352. Ces droits sont en général les mêmes que ceux des père et mère légitimes. Dans le système du code, il n'y a aucune raison de faire une différence entre les enfants légitimes et les enfants naturels, en ce qui concerne la puissance paternelle. S'il s'agissait d'un pouvoir établi au profit des parents, on conçoit que le législateur n'aurait pu l'accorder qu'avec des restrictions aux père et mère naturels, pour ne pas encourager le concubinage en le mettant sur la même ligne que le mariage. Mais la puissance paternelle n'est plus une puissance, c'est un devoir; ce devoir découle du fait de la paternité, qu'elle soit légitime ou illégitime. S'il y avait une différence à établir, il faudrait la faire en faveur des enfants naturels. Malheureux par leur naissance, puisqu'elle est entachée d'illégi timité, ayant moins de droits à exercer puisqu'ils n'ont pas de famille, n'est-ce pas un devoir plus strict pour le père et la mère de veiller à leur éducation avec une sollicitude particulière? Outre l'affection qu'ils doivent à leurs enfants, ils ont encore une faute à effacer.

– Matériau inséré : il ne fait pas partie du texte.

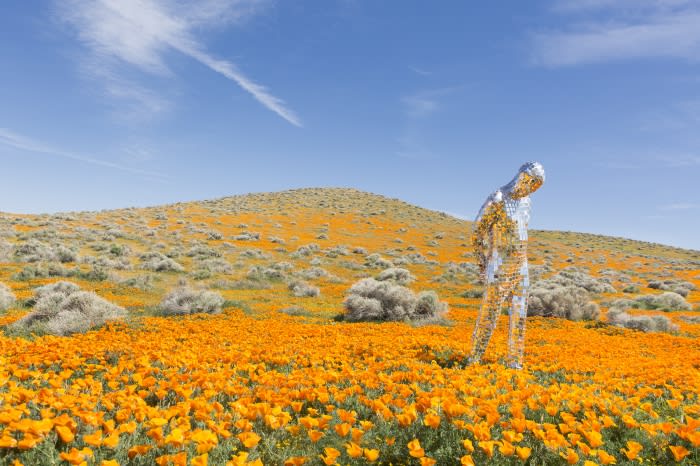 Human-shaped reflective sculpture in a field of orange wildflowers, with rolling hills and a blue sky backdrop, creating an artful scene.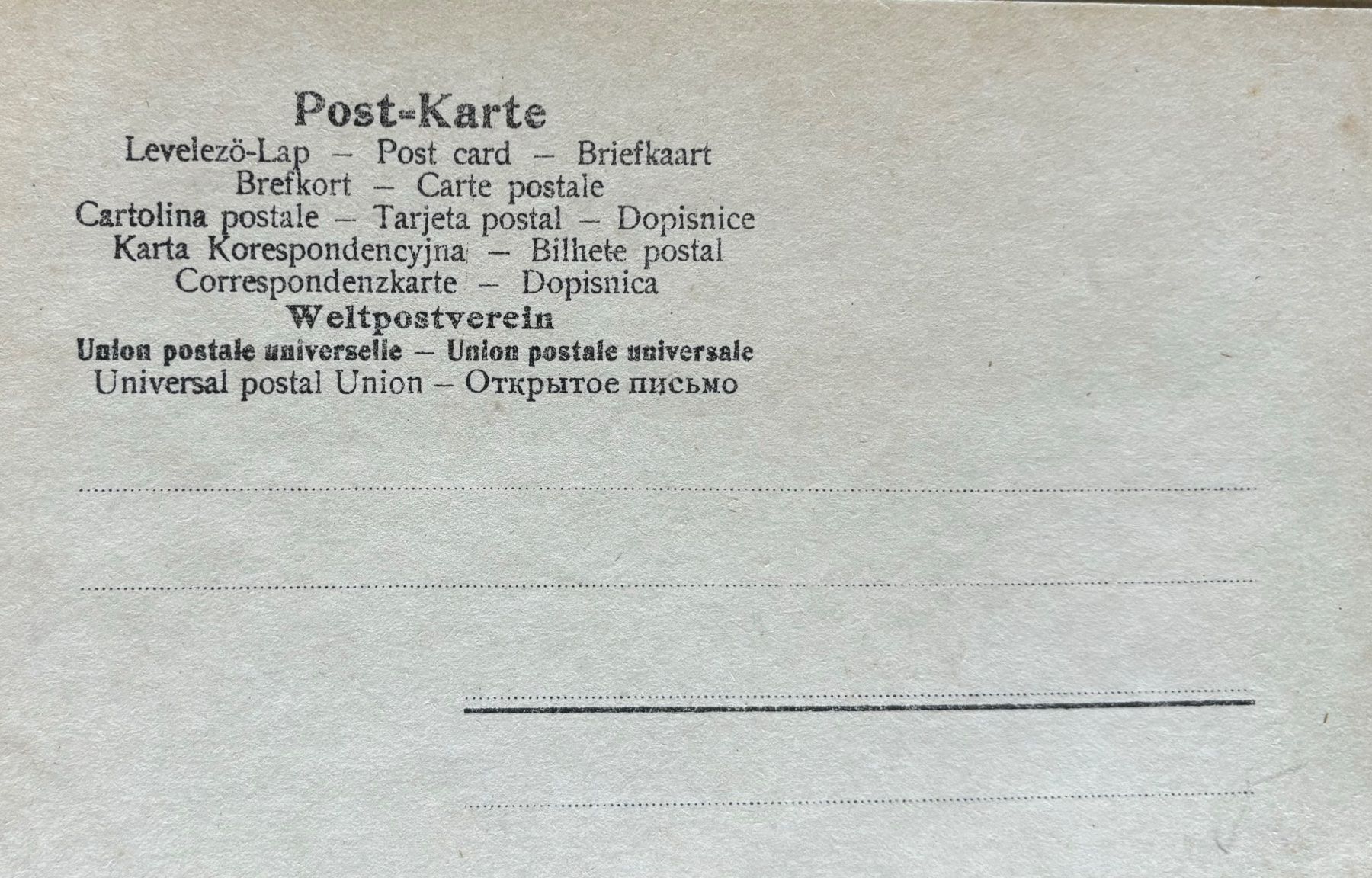 Cartoline postali: Fotokarte Pferd, Fohlen – Usato da Frauenfeld venduto da Merk52 1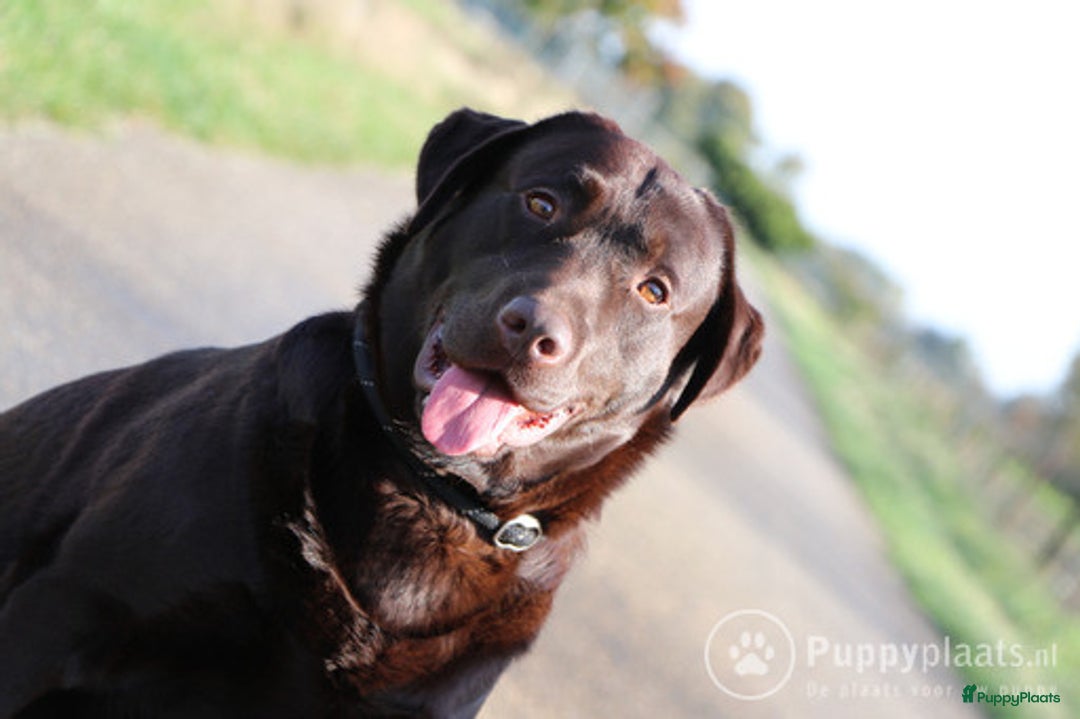 Labrador Retriever honden ter dekking: Raszuiver labrador biedt zich aan als dekreu ED en HD vrij in Nederweert - Afbeelding 3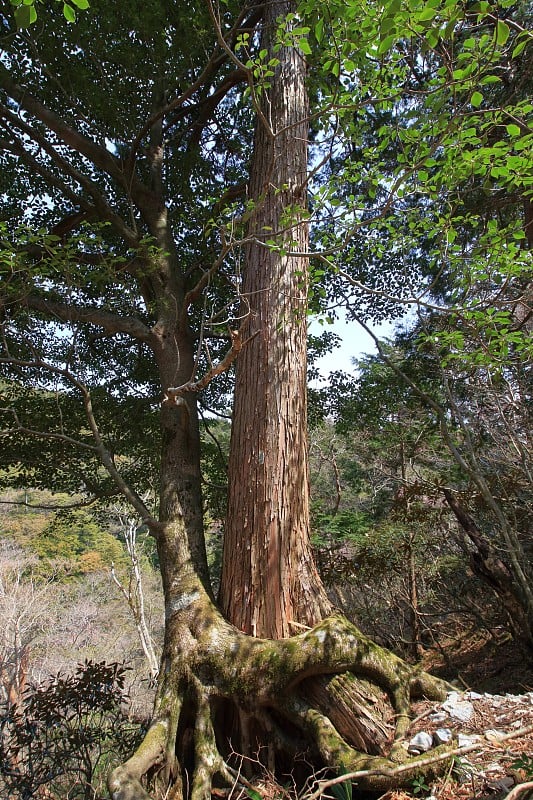 生长在柏树上的山沼(奎石山)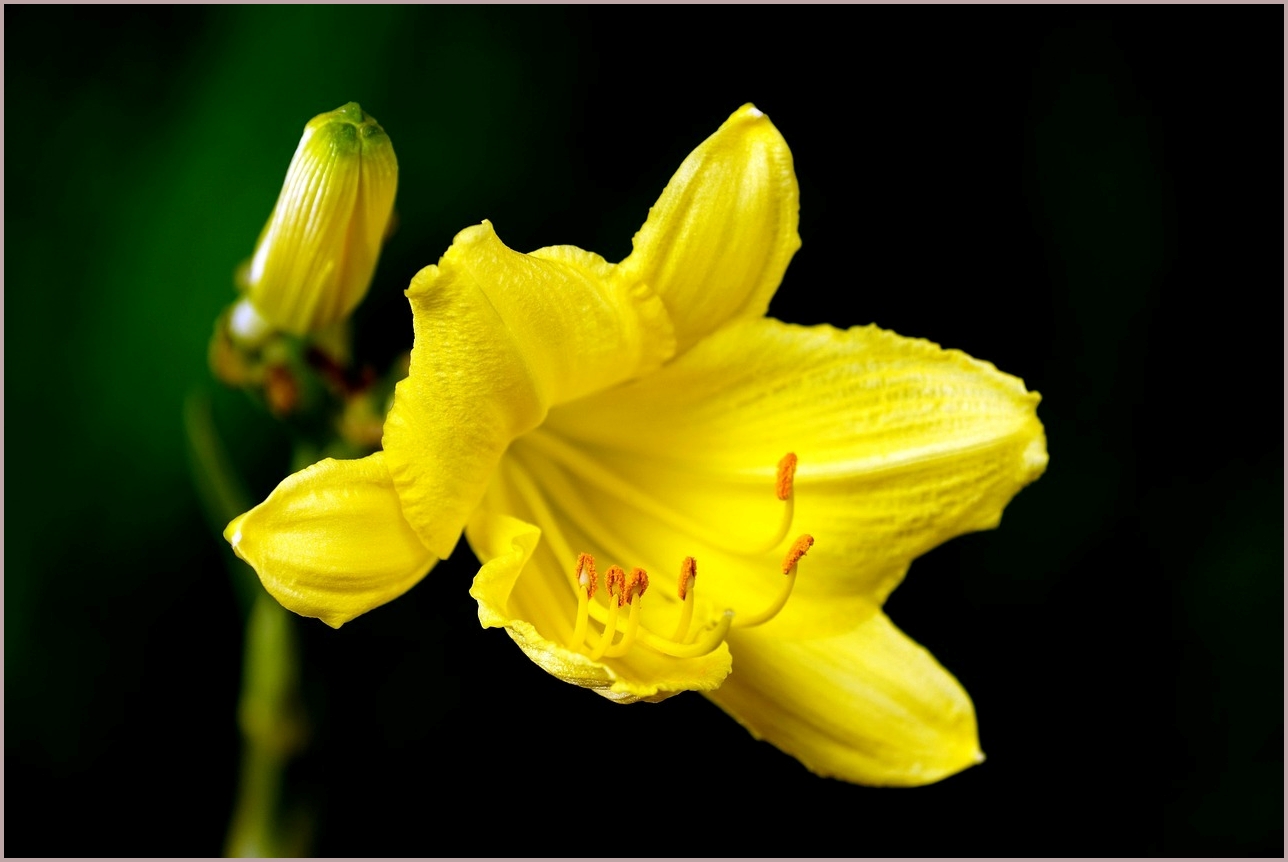 스타리아 가격표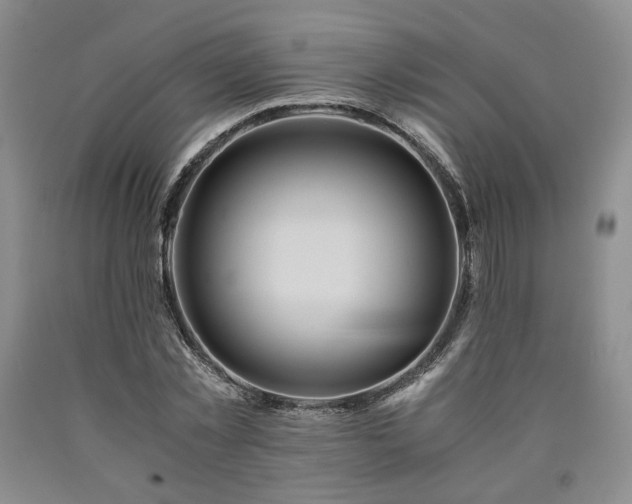 X0000090860781200707271227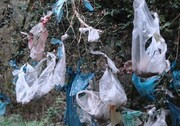 اینفوگرافیک | هیولای کیسه پلاستیکی !  | آمارهای تامل برانگیز مصرف پلاستیک در ایران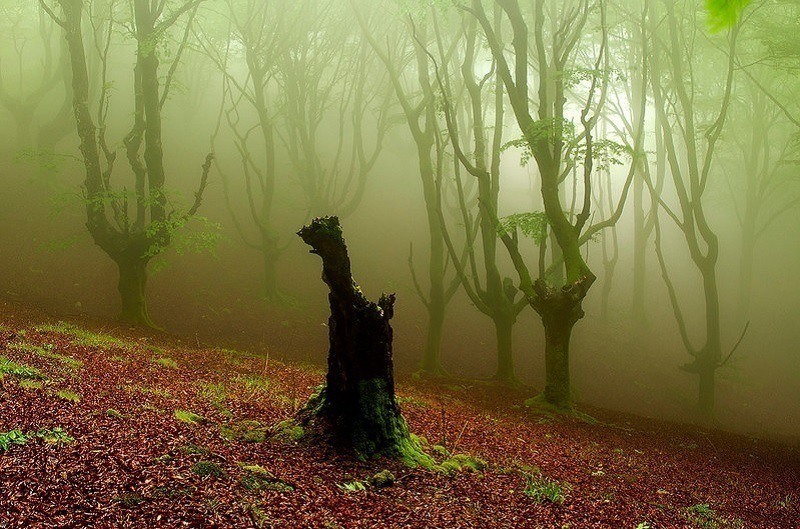 Charcoal Forest Zapirain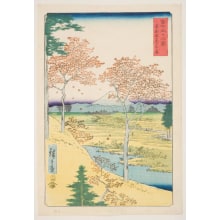 Japanese Print "Yūhigaoka at Meguro in the Eastern Capital (Tōto Meguro Yūhigaoka)" by Utagawa Hiroshige, 歌川広重 (Utagawa Hiroshige I 歌川 広重)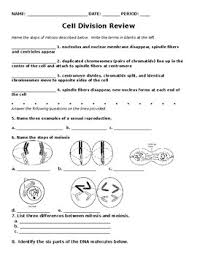 Handout for the answers to the webquest: Science Mitosis And Meiosis Worksheets Teaching Resources Tpt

Le code suit-il ce principe? On pourrait croire, à première vue, que l'article 383 établit un principe contraire, en créant une puissance spéciale pour les père et mère naturels; il porte: Les articles 376, 377, 378 et 379 seront communs aux pères et mères des enfants naturels légalement reconnus. Est-ce à dire que ces dispositions

(1) Lyon, 8 mars 1859 (Dalloz, 1859, 2, 141).

soient les seules que l'on doive appliquer aux parents naturels? Tel ne peut être le sens de la loi. En effet, il en résulterait que les père et mère n'auraient pas la puissance paternelle sur les enfants illégitimes; car l'article 383 ne renvoie pas à l'article 372, aux termes duquel l'enfant reste sous l'autorité de ses père et mère jusqu'à sa majorité ou son émancipation. Cela est absurde. La loi donne aux pères et mères naturels le droit de correction, ce qui implique le droit ou le devoir d'éducation; or, la puissance paternelle n'est pas autre chose. Donc l'article 383 accorde implicitement aux pères et mères naturels l'autorité qu'elle donne aux pères et mères légitimes. Il n'y a de différence que pour le pouvoir de correction; voilà pourquoi la loi en parle spécialement.

353. L'enfant naturel doit, à tout âge, honneur et respect à ses père et mère, aussi bien que l'enfant légitime. Nous avons dit que l'article 371 qui prescrit ce devoir est une maxime morale plutôt qu'un principe juridique. En faut-il conclure que les dispositions que la doctrine considère comme des conséquences de cet article ne doivent pas s'appliquer à l'enfant naturel? Le code lui-même déclare que l'enfant naturel, de même que l'enfant légitime, doit demander le consentement de ses père et mère pour son mariage (art. 158). De là suit qu'il faut aussi appliquer à l'enfant naturel les dispositions qui découlent de cette obligation. Tel est l'article 283, qui exige le consentement des père et mère pour le divorce par consentement mutuel. Tels sont les articles 346 et 361, qui demandent le consentement des père et mère pour l'adoption et la tutelle officieuse. Le droit de consentir au mariage a pour conséquence le droit de former opposition (art. 173) et le droit de demander la nullité du mariage (art. 182, 184 et 191). Donc les père et mère naturels ont le même droit. Il n'y a aucun doute sur tous ces points.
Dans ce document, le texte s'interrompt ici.